It looks like the aftershocks dispersed by the 2008-09 financial crisis are still rippling their way through the economy these many years later. The latest hit is being felt by the U.S. postal service, which has suffered from diminished demand for mail services during the economic downturn of the past five years.
You might like to know the service is not going to go down without a fight. But you might not like to know just how they are doing it – dragging you into their battle. The critics are already calling it counter-productive.
Postage Price Hikes
The Postal Regulatory Commission recently approved a rate hike of three cents on first class postage, which is set to rise from 46 to 49 cents effective January 26th, along with a one cent increase on postcard stamps to 34 cents announced last month. This will be the second increase in 12 months, after postage was raised by a cent last January.

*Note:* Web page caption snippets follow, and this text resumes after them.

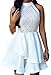 ZKESS Women's Sleeveless Lace Party Club Skater Dress X-Large Size White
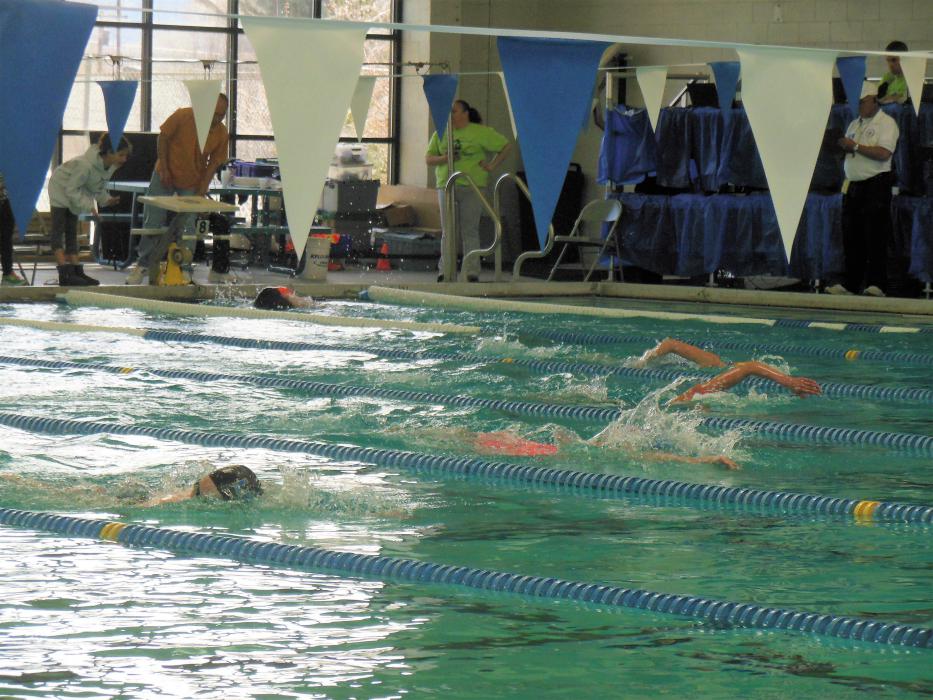 Junior short-course swimmers at the Carson Aquatic Facility Saturday.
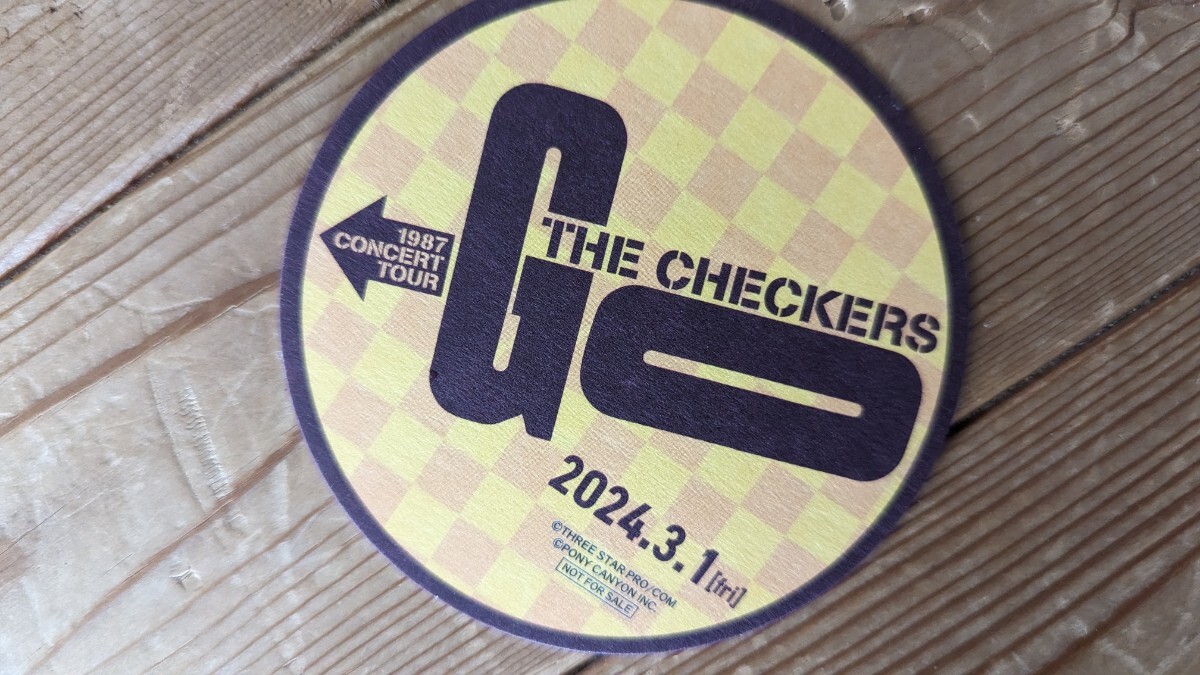 映画◆THE CHECKERS チェッカーズ「GO」 1987 CONCERT TOUR 使用済チケット半券と記念ステッカーとコースターの画像3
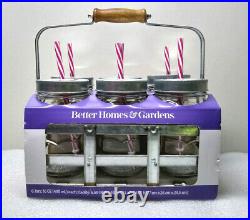 Better Homes & Gardens 7 Piece Mason Caddy with 6 Jars Straws NEW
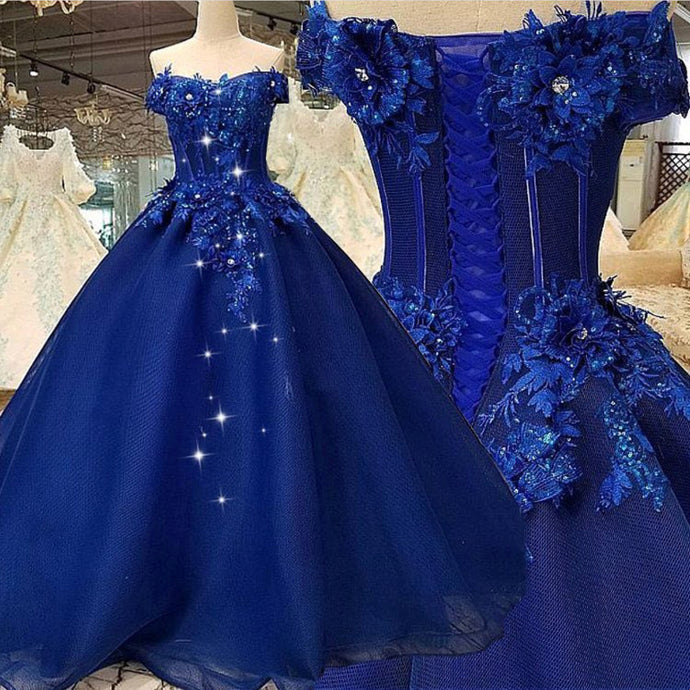 Lace Applique Prom Dress, Elegant Prom Dress, Prom Ball Gown, 2021 prom dresses   cg19122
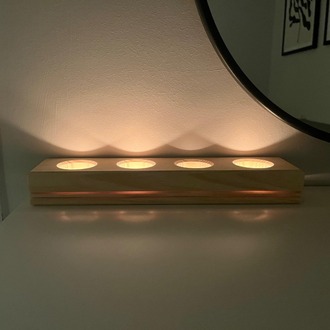 Doğal Ahşap El Yapımı 4'lü Işık Kanallı Tealight Mumluk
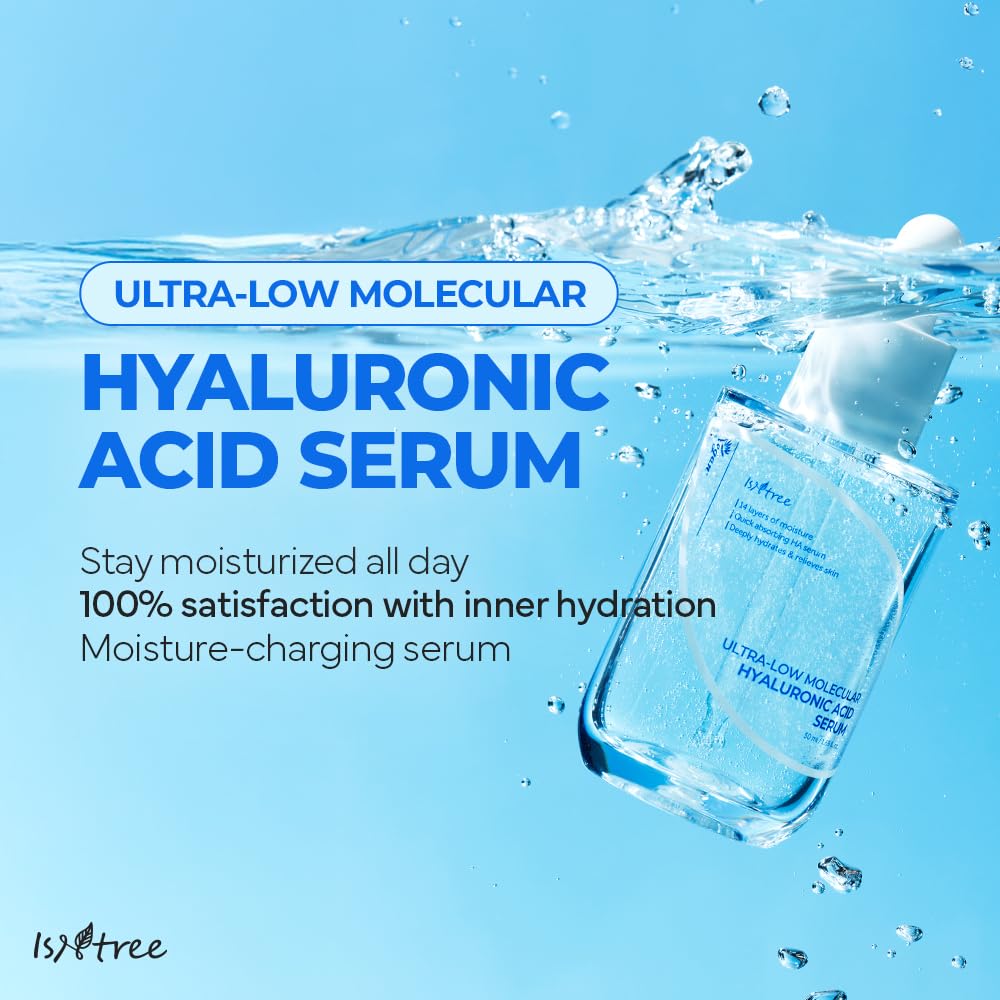 ISNTREE Ultra-Low Molecular Hyaluronic Serum water droplets illustrate moisture retention.
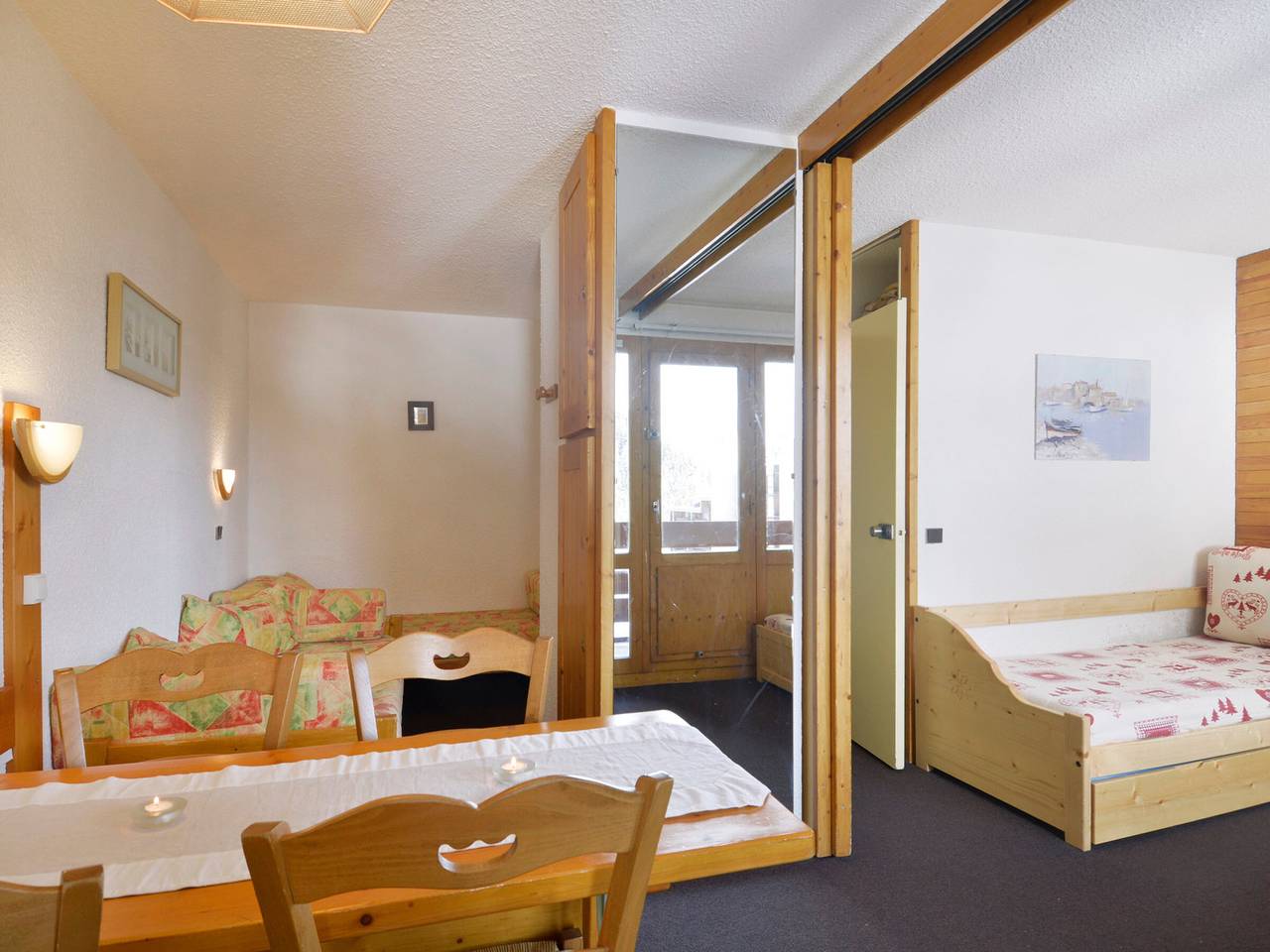 Ganzes Studio, Geteiltes Studio, am Skihang, Balkon, Haustiere erlaubt in La Plagne, La Plagne-Tarentaise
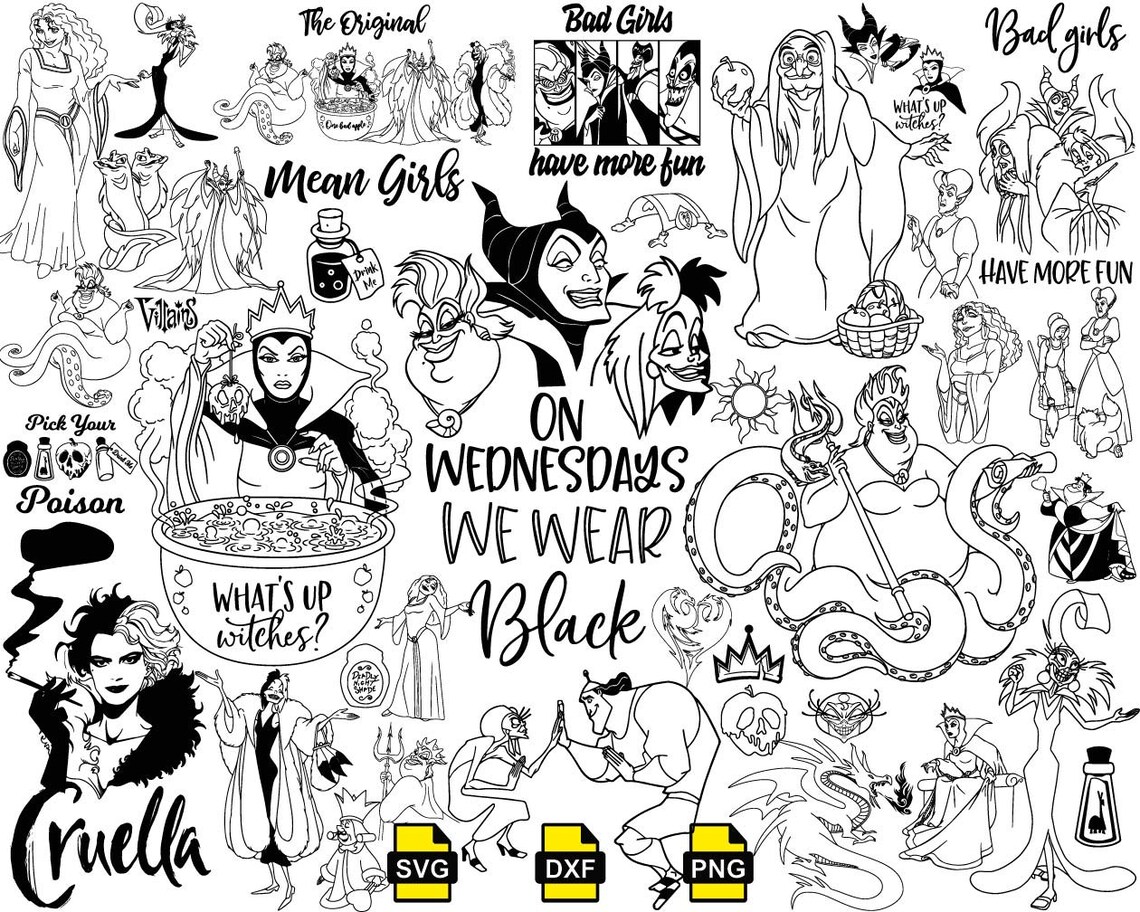 Disney Villains Svg Disney Villains Outline Svg Cruella Svg Etsy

Falling demand for postal services during the economic slowdown of the past five years has cost the postal service billions in lost revenues, some $5 billion just in the latest fiscal year alone. Already fighting a losing battle against email for some two decades now, postal authorities see the rate increase as life support for an ailing service.
As with most any other price increase, this one is supposed to be temporary, just for a couple of years or so until the economy picks up again and the demand for mail service along with it. The increase “will last just long enough to recover the loss,” Commission Chairman Ruth Y. Goldway promised in a press release.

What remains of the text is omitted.